··· INFORMATION SHOWN ···

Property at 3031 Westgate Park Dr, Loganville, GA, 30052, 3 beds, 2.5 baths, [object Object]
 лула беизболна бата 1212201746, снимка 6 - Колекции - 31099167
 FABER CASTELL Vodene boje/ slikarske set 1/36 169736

···

**YOUR GOAL**
"лула беизболна бата" marks the first line to print; reproduce that line and every line after it through the end of the listing above.

**ANSWER SPACE**
 лула беизболна бата 1212201746, снимка 6 - Колекции - 31099167
 FABER CASTELL Vodene boje/ slikarske set 1/36 169736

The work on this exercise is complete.